The Royals have two interesting pitching prospects previously ranked right outside the top 100. Kyle Zimmer is a former first-round draft pick who recovered from shoulder surgery the previous year and worked half of his time in the bullpen last season to good results. Zimmer has the talent but has had major durability questions, but he might be a swing-high candidate for the Marlins, as he has the talent to be a front-line starter and may end nicely in the bullpen if he cannot stay healthy enough.
The more floor-conscious move might be for right-hander Miguel Almonte. Almonte sits low- to mid-90's on his fastball and is effective with three pitches. He has flashed decent strikeout totals all throughout his minor league career that match the good stuff, which includes a nice curveball that is still developing. He moved quickly from Double-A to Triple-A to the bigs out of the pen last year and could be a nice back-rotation piece as early as this season for Miami, giving the team some immediate present value.
If the Blue Jays want some additional help in their bullpen, Ramos would be a strong addition to that back end and could support Roberto Osuna or take over at closer if Osuna is to be moved to the rotation. Either way, such an acquisition would bolster a difficult bullpen situation for a contending club.

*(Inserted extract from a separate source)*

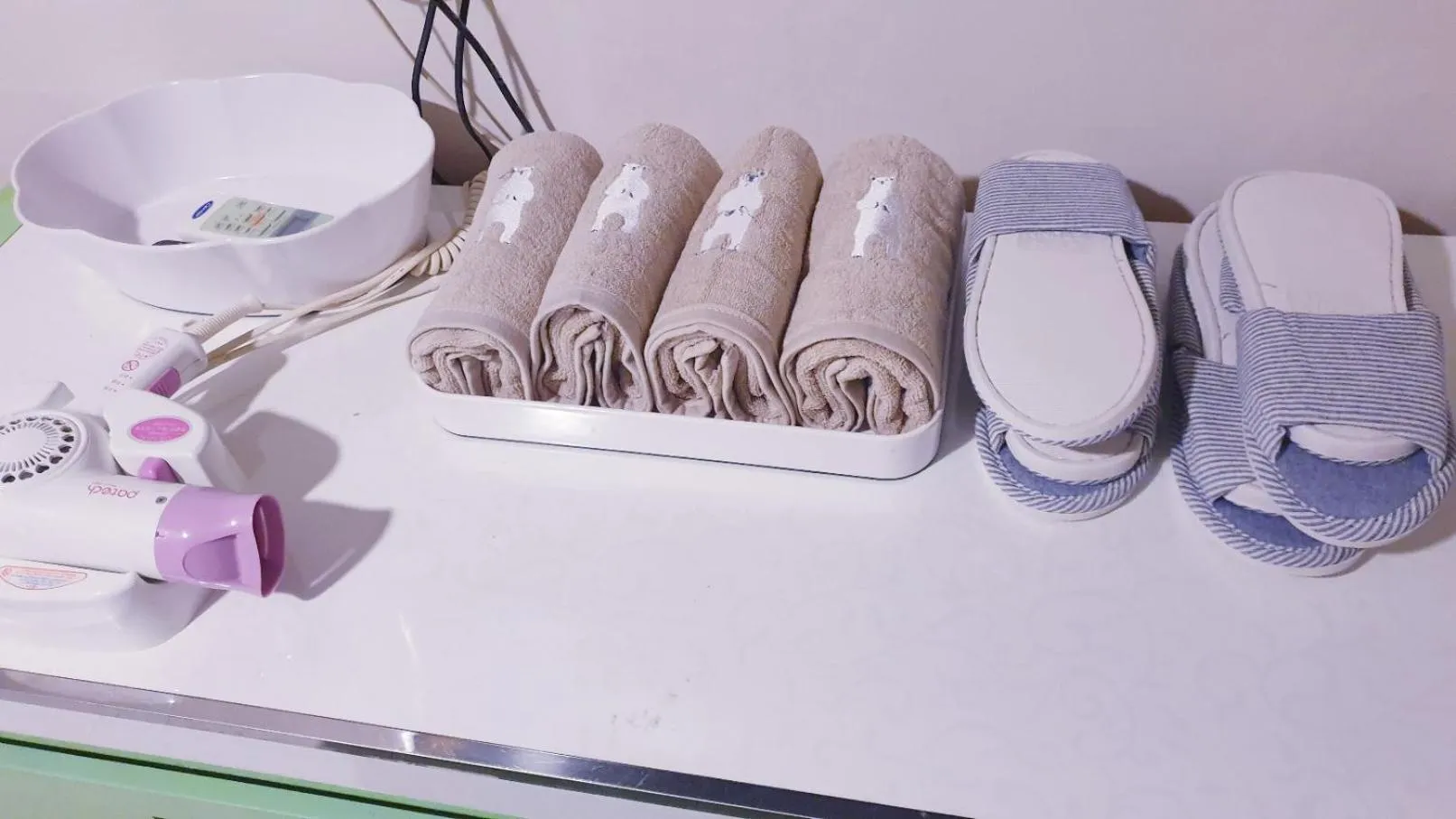 OPPA Hostel Sinchon-Hongdae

The Jays have dealt a lot of their interesting names, as the team made two major blockbuster trades at the deadline last year for David Price and Troy Tulowtizki. One prospect to keep an eye for the Fish would be Sean Reid-Foley, who is a hard-throwing prep right-hander drafted in the second round in 2014 who has decent upside either in the rotation or pen. The downside is that he is a straight-thrower of the Nathan Eovaldi variety and would be something of a project, as he still walks too many hitters right now despite a strong year in Low- and High-A.
The Twins badly need bullpen help, and the Marlins could capitalize on that by dropping off Ramos and Mike Dunn in one fell swoop, acquiring prospects in return. Both players would be great support pieces for closer Glen Perkins, and Ramos could be pegged to replace him as the younger righty may be the better option at this point.
The Twins might be able to trade one downtrodden relief option in return for Ramos. Alex Meyer is a former top prospect, but he was moved to the bullpen after struggling in Triple-A in a repeat campaign one year after doing a good job at that level. Meyer has command issues but easy right-handed velocity, and the Marlins could always re-mold him into a starter after a wasted season with Minnesota.
If the Marlins wanted to go bigger, they could capitalize on another questionable season from a top prospect in former first-rounder Kohl Stewart. Stewart had a Nicolino-esque good year in terms of ERA and bad in terms of peripherals, and maybe that would be enough to pry him out of Minnesota's hands. He has lost some ace shine and is far more likely to be a mid-rotation workhorse, but the Marlins could use that as well.